# 01 Language Filtering
**Author:** Fu Zhenhui  
**Dataset:** [WELFake Dataset](https://www.kaggle.com/datasets/saurabhshahane/fake-news-classification)  
**Output:** WELFake_EnglishOnly.csv  
**Last updated:** June 2025

In [17]:
import pandas as pd
from langdetect import detect
import time

## Load Dataset

In [18]:
# Using `index_col=0` avoids the `"Unnamed: 0"` column from auto-indexing.
df = pd.read_csv("WELFake_Dataset.csv", index_col=0)
df

Unnamed: 0,title,text,label
0,LAW ENFORCEMENT ON HIGH ALERT Following Threat...,No comment is expected from Barack Obama Membe...,1
1,,Did they post their votes for Hillary already?,1
2,UNBELIEVABLE! OBAMA’S ATTORNEY GENERAL SAYS MO...,"Now, most of the demonstrators gathered last ...",1
3,"Bobby Jindal, raised Hindu, uses story of Chri...",A dozen politically active pastors came here f...,0
4,SATAN 2: Russia unvelis an image of its terrif...,"The RS-28 Sarmat missile, dubbed Satan 2, will...",1
...,...,...,...
72129,Russians steal research on Trump in hack of U....,WASHINGTON (Reuters) - Hackers believed to be ...,0
72130,WATCH: Giuliani Demands That Democrats Apolog...,"You know, because in fantasyland Republicans n...",1
72131,Migrants Refuse To Leave Train At Refugee Camp...,Migrants Refuse To Leave Train At Refugee Camp...,0
72132,Trump tussle gives unpopular Mexican leader mu...,MEXICO CITY (Reuters) - Donald Trump’s combati...,0


### 🔍 Observation
- The dataset has 72,134 rows with 3 columns: `title`, `text`, and `label`.
- Some entries in `title` or `text` are missing (`NaN`).
- The dataset contains a mix of English and non-English textual content.

## Clean Line Breaks and Handle Missing Values

In [19]:
# Remove line breaks '\n' to prevent a single DataFrame row from being split across multiple lines in the exported CSV file
df["title"] = df["title"].str.replace("\n", " ")
df["text"] = df["text"].str.replace("\n", " ")

In [20]:
# Check missing value patterns
only_title_missing = df["title"].isna() & df["text"].notna()
only_text_missing = df["text"].isna() & df["title"].notna()
both_missing = df["title"].isna() & df["text"].isna()

print(f"Rows missing only title: {only_title_missing.sum()}")
print(f"Rows missing only text: {only_text_missing.sum()}")
print(f"Rows missing both: {both_missing.sum()}")

Rows missing only title: 558
Rows missing only text: 39
Rows missing both: 0


In [21]:
# No rows are missing both title and text; only a few are missing one — safe to remove
df = df.dropna(subset=["title", "text"])
print(f"Rows after dropping rows with missing values: {df.shape[0]}")

Rows after dropping rows with missing values: 71537


## Filter for English Content Using `langdetect`
- `langdetect` is a lightweight and fast Python library for language detection.
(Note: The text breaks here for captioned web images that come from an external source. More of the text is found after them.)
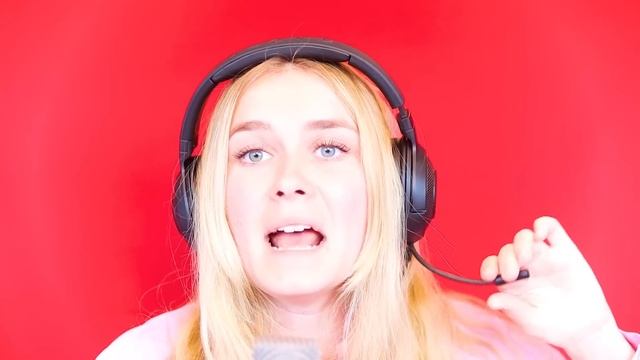 I BROKE Into MOODY'S REAL LIFE OFFICE And HACKED Her Roblox Account! смотреть онлайн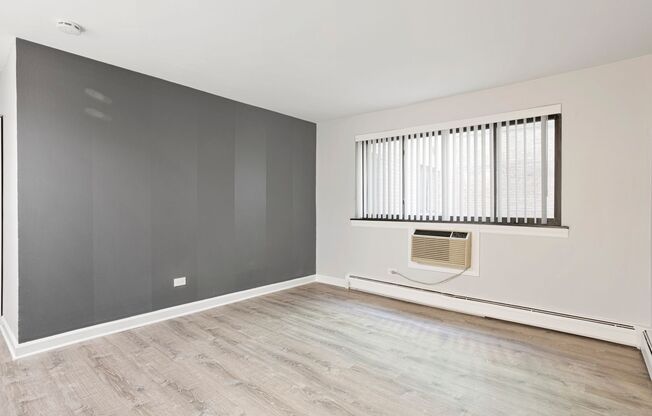 Studio, 1 bath, 275 sqft, $1,350, Unit 238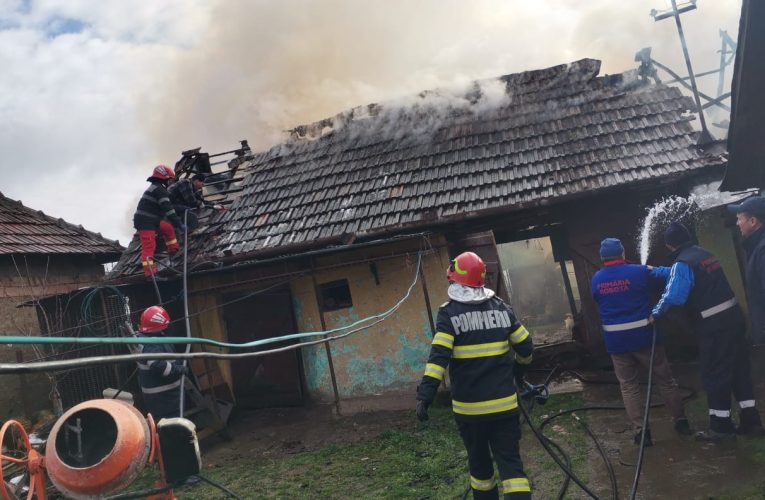 Incendiu la o gospodărie din Bobota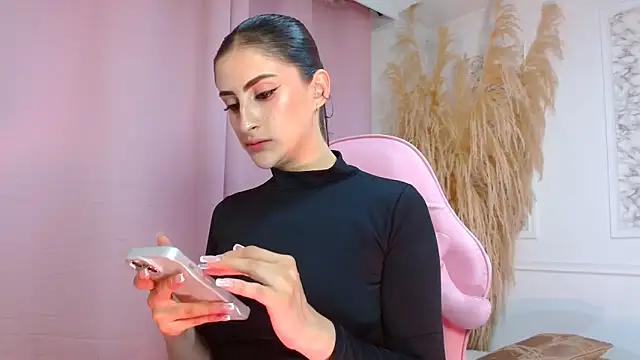Danella houston online show from 05.11.26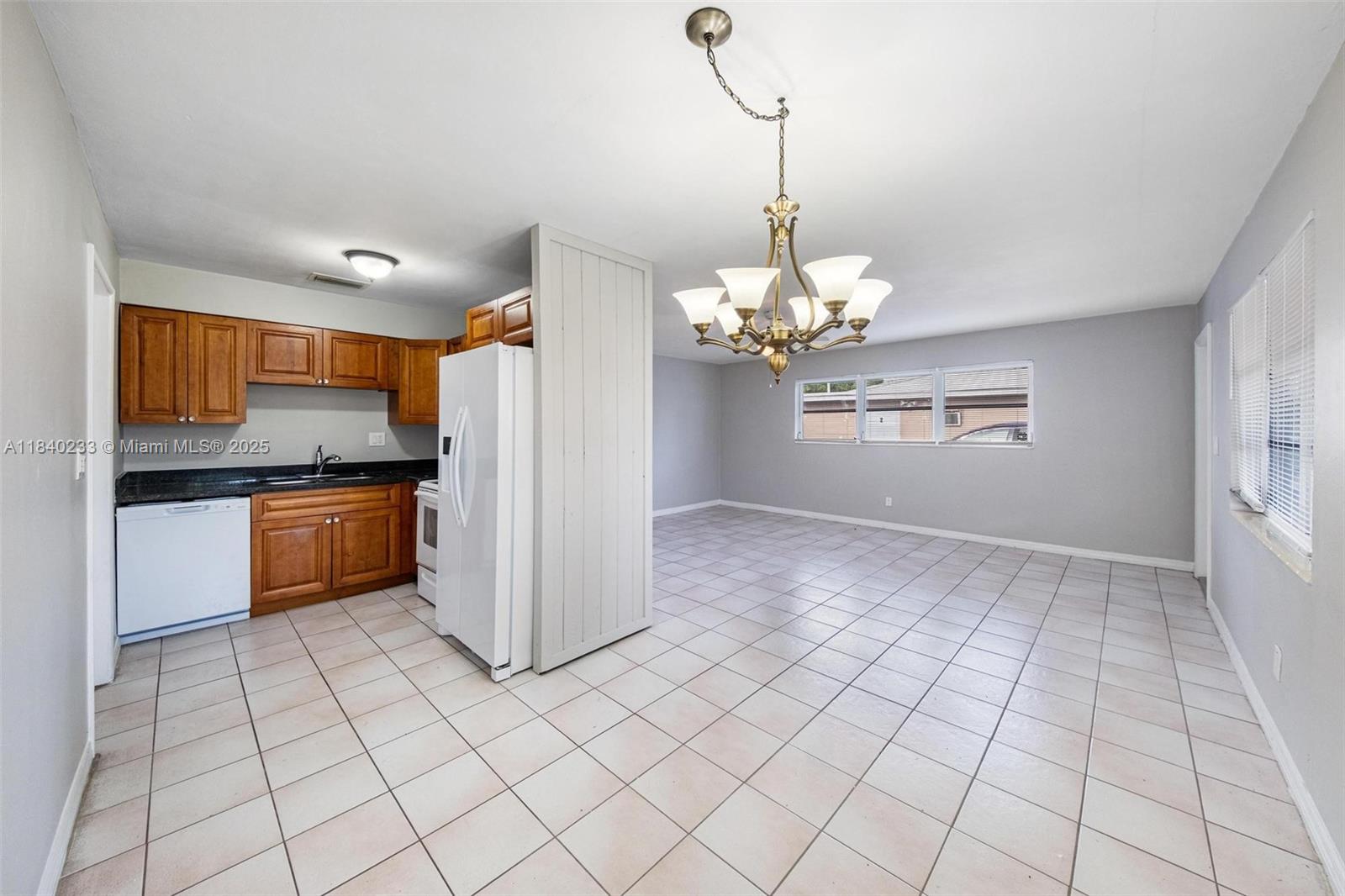 6425 SW 21st St, Miramar, Florida image 7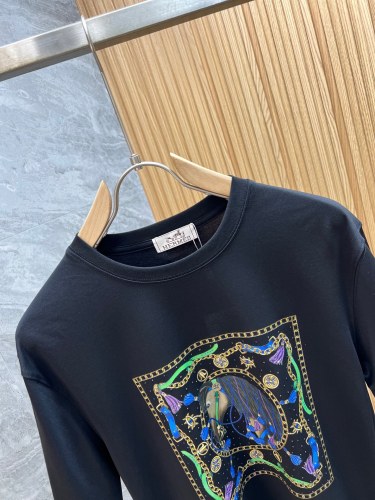 ☆超人気☆ 2025 エルメス 新作 半袖Tシャツ 偽物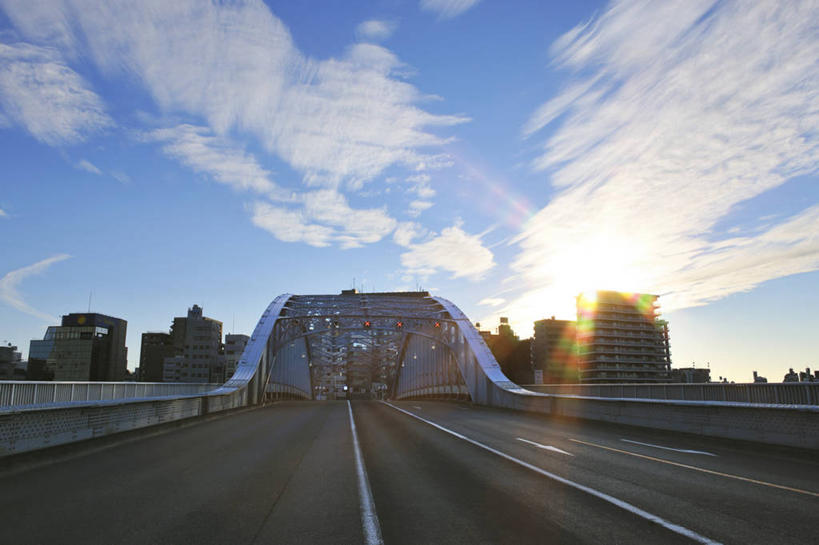 无人,高楼大厦,横图,室外,白天,正面,度假,美景,太阳,城市风光,标志建筑,城市,大桥,大厦,道路,地标,建筑,立交桥,路,摩天大楼,桥梁,公路,东京,日本,亚洲,阴影,光线,影子,景观,云,云朵,高架,建筑群,斜拉桥,桥,分界线,停车线,交通,中央区,云彩,娱乐,建设,蓝色,白云,蓝天,天空,阳光,天,享受,休闲,景色,放松,晴朗,车行道,车行道分界线,标线,东亚,车行线,本州,关东地方,本州岛,日本国,东京都,晴空,马路,彩图,镜头光晕,透镜闪耀,眩光,大楼,高层建筑,高楼,摩天楼,永代桥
It provides reasonably accurate results.
- We retain rows where both `title` and `text` are detected as English (`'en'`).

<span style="color:red; font-weight:bold">⚠️ This cell takes a long time to run. Run it only once, and reuse the saved file next time.</span>

In [20]:
def is_english(text):
    try:
        return detect(text) == "en"
    except:
        return False

start_time = time.time()

# Keep only rows where both title and text are English
df_english = df[df["title"].apply(is_english) & df["text"].apply(is_english)]

end_time = time.time()

print(f"Time taken for language filtering: {end_time - start_time:.2f} seconds.")
print(f"Remaining rows after language filtering: {df_english.shape}")

Time taken for language filtering: 2179.73 seconds.
Remaining rows after language filtering: (68072, 3)


## Export English-Only Dataset
This avoids rerunning the expensive language detection process.

In [22]:
df_english.to_csv("WELFake_EnglishOnly.csv", index=False)